Conor McCormack (born 18 May 1990) is a professional footballer currently playing in the League of Ireland First Division with Galway United.

Club career
He started his career with Manchester United, joining on a youth contract when he was 16 years old. After spending two years at the club and becoming disillusioned with the lack of first-team opportunities, McCormack turned down the offer of an extension to his contract. He moved to Italy and joined Serie B side U.S. Triestina Calcio. McCormack did not make a first-team start during his two and a half years there. After a proposed loan deal to a Lega Pro side fell through at the last minute in May 2010, McCormack made his intentions to leave clear.
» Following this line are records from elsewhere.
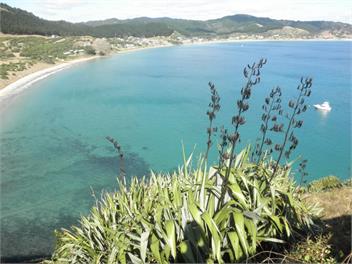 Paradiso - Whitianga
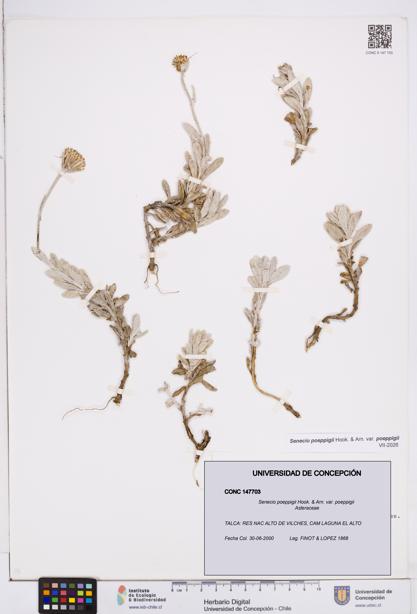 Senecio poeppigii var. poeppigii [Espécimen: ]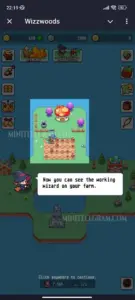 Wizzwoods 2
He returned to Ireland to sign for League of Ireland champions Shamrock Rovers at the beginning of the 2011 season, playing a role in their journey to the Europa League group stages.

In 2012, McCormack signed for a further 2 seasons.

McCormack signed for League of Ireland champions, St Patrick's Athletic for the 2014 season in November 2013. He scored his first goal for Pats on his debut in a 4–1 win over Shelbourne in a friendly at Pearse Park on 1 February 2014. After 58 appearances for Pats, McCormack was released by mutual consent on 28 July 2015 and was announced as a new signing for relegation fighting Derry City later that day.

He signed with Cork City on 18 November 2016 by manager John Caulfield. Cork City had recently won the Irish Daily Mail FAI Cup and McCormack played a role in Cork's League of Ireland title win ahead of Dundalk the following season.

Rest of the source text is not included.